1. Creating basic chroot environment
First we need to create a simple chroot environment. Our chroot environment will consist of a bash shell. To do this, first, we need to create a chroot directory:
# mkdir /var/chroot
In the next step, we need to copy the bash binary and its all shared library dependencies.
You can see the bash's shared library dependencies by executing the ldd command:
# ldd /bin/bash
linux-vdso.so.1 => (0x00007fff9a373000)
libtinfo.so.5 => /lib/x86_64-linux-gnu/libtinfo.so.5 (0x00007f24d57af000)
libdl.so.2 => /lib/x86_64-linux-gnu/libdl.so.2 (0x00007f24d55ab000)
libc.so.6 => /lib/x86_64-linux-gnu/libc.so.6 (0x00007f24d51eb000)
/lib64/ld-linux-x86-64.so.2 (0x00007f24d59f8000)
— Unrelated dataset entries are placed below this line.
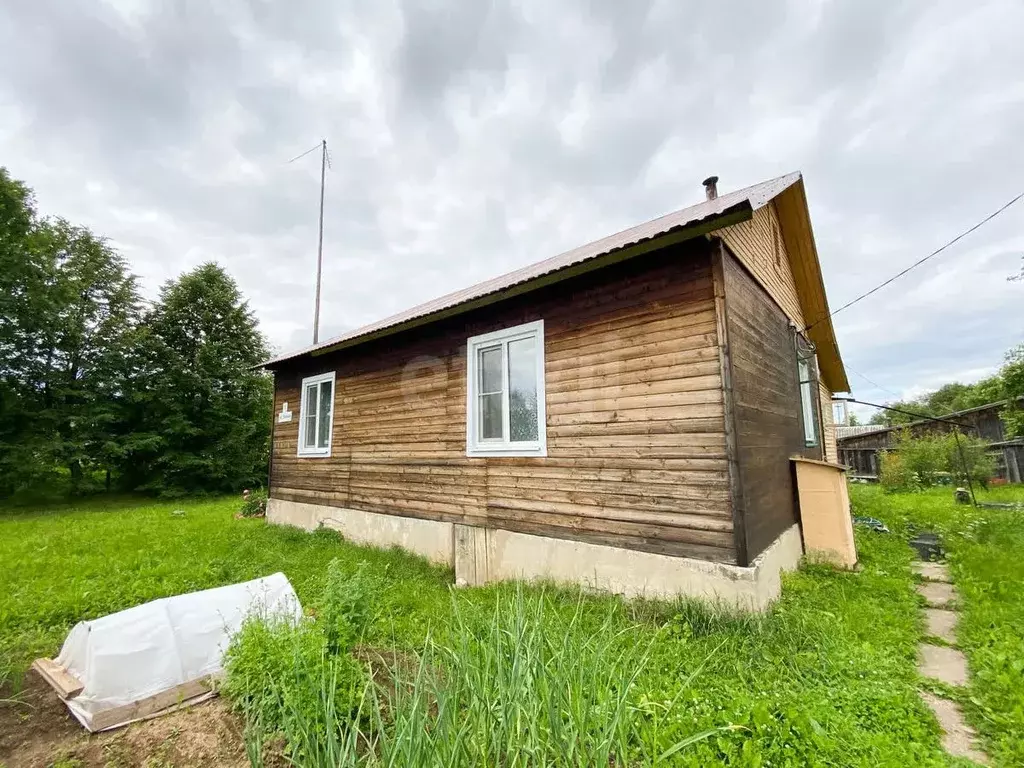 Дом в Ярославская область, Рыбинский муниципальный округ, пос. Шашково ... - Фото 1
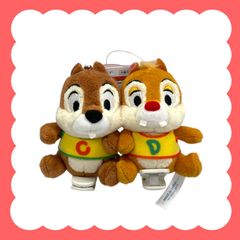 디즈니랜드 43주년[칩＆데일]
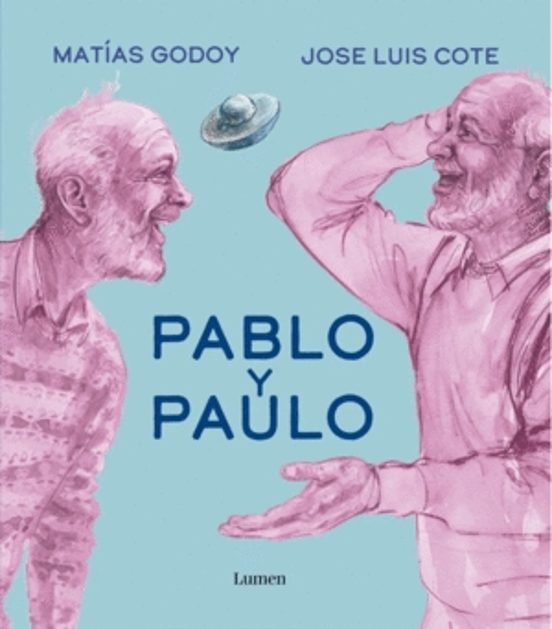 Portada de Pablo Y Paulo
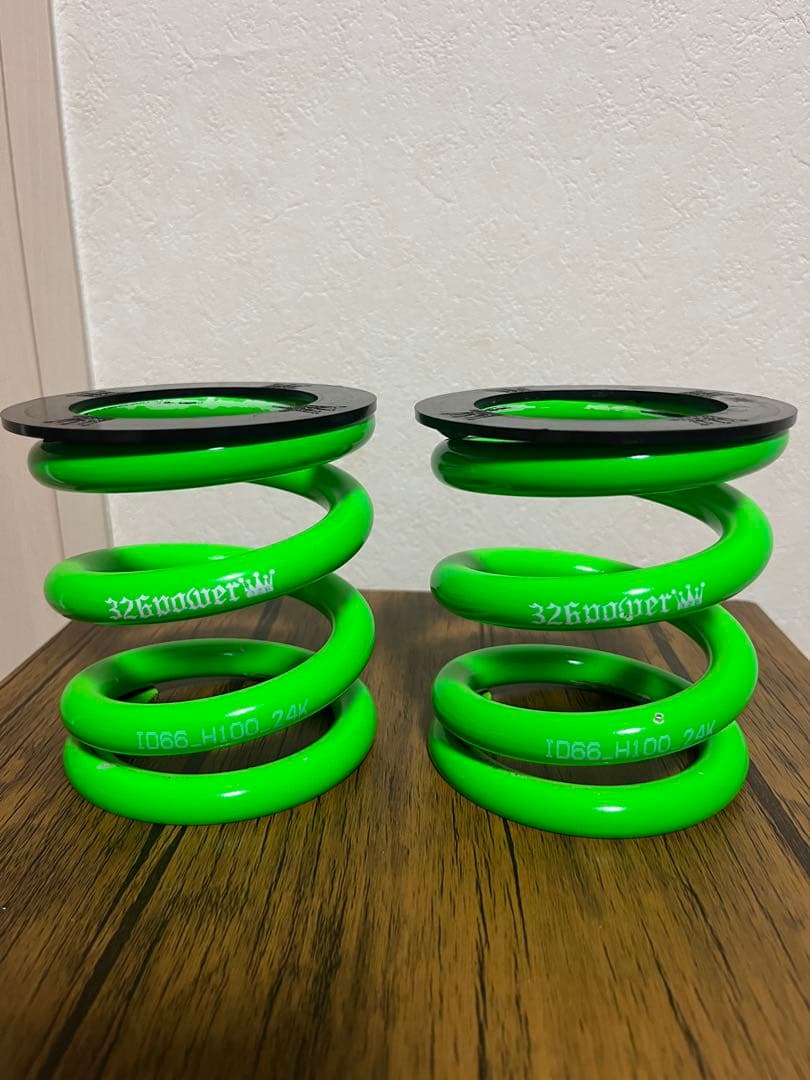 326パワー ID65 H100 24k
Now, we need to manually create all necessary directories and copy /bin/bash and all libraries to the new chroot directory into an appropriate location:
# cd /var/chroot/
# mkdir bin/ lib64/ lib/
# cp /lib/x86_64-linux-gnu/libtinfo.so.5 lib/
# cp /lib/x86_64-linux-gnu/libdl.so.2 lib/
# cp /lib/x86_64-linux-gnu/libc.so.6 lib/
# cp /lib64/ld-linux-x86-64.so.2 lib64/
# cp /bin/bash bin/
At this point all is ready and we can chroot
# chroot /vat/chroot
bash-4.2# ls /
bash: ls: command not found
From the above you can see that bash is ready but there is not much to do as not even ls command is available. Rather then manually copy all commands and required libraries I have created a simple bash script to aid with this purpose. Create a script with the following content:
#!/bin/bash
# This script can be used to create simple chroot environment
# Written by LinuxCareer.com
# (c) 2013 LinuxCareer under GNU GPL v3.0+
#!/bin/bash
CHROOT='/var/chroot'
mkdir $CHROOT
for i in $( ldd $* | grep -v dynamic | cut -d " " -f 3 | sed 's/://' | sort | uniq )
do
cp --parents $i $CHROOT
done
# ARCH amd64
if [ -f /lib64/ld-linux-x86-64.so.2 ]; then
cp --parents /lib64/ld-linux-x86-64.so.2 /$CHROOT
fi
# ARCH i386
if [ -f /lib/ld-linux.so.2 ]; then
cp --parents /lib/ld-linux.so.2 /$CHROOT
fi
echo "Chroot jail is ready. To access it execute: chroot $CHROOT"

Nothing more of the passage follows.